"I'm not dead."
That was the assurance Tiger Woods offered reporters, as quoted by ESPN, ahead of his long awaited - and repeatedly delayed - comeback, which is now due to finally take place at the Hero World Challenge this week.
The 14-time major winner's impending return has put the relatively minor Bahamas-based event, which comes over a month after the season-ending FedEx Cup playoffs, well and truly on the map.
And while Woods is indeed still alive, it remains to be seen if he is kicking again, at least as far as the standards of elite professional golf are concerned.
As various would-be heirs, among them Jason Day, Rory McIlroy and Jordan Spieth, jostle for position at the game's pinnacle, Woods has been keeping some obscure company of late.
Having previously spent a record total of 683 weeks at world number one, the 40-year-old is now ranked a lowly 898th.
Here, we take a look at the men inexplicably rubbing shoulders with one of the sport's greats.
Sean Riordan - 897
The man immediately above Woods in the rankings has recorded 11 missed cuts and one withdrawal in his last 14 outings, a tied-50th finish at last month's Indonesian Masters comfortably his best result in that period.
Riordan did manage a win in 2015, at the Asian Development Tour's PGM Port Dickson Championship.
Simon Yates - 899
A spot beneath Woods is a Scotsman who relocated to Thailand and has spent more than 20 years on the Asian Tour.

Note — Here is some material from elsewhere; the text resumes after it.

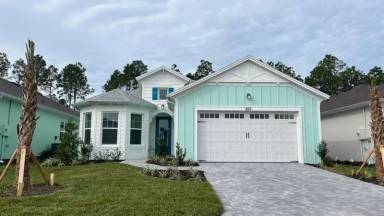 Main picture of 853 Bama Breeze Dr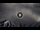 Webcam in Etna, 27.7 km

Yates has managed just one top-three finish in a ranking event since the beginning of 2011 and his biggest career win came in 2004, at the SK Telecom Open in South Korea.
Hubert Tisserand - 893
A few places ahead is a 23-year-old French amateur who has only entered three ranking events, winning on the Alps Tour Golf but missing the cut at the European Tour's Alstom Open de France in 2015.
Bernhard Langer - 907
There is at least one familiar face in Woods' vicinity, although his presence only serves to illustrate the impact and extent of the American's inactivity.
Fellow former world number one Langer is a serial winner on the Champions Tour but rarely sighted in events counting toward ranking points, last appearing at that level at The Players Championship in May, where he missed the cut.
Now 59, the German was tied 24th at the Masters in April, a finish Woods would have been envious of during his long, lonely spell watching from afar.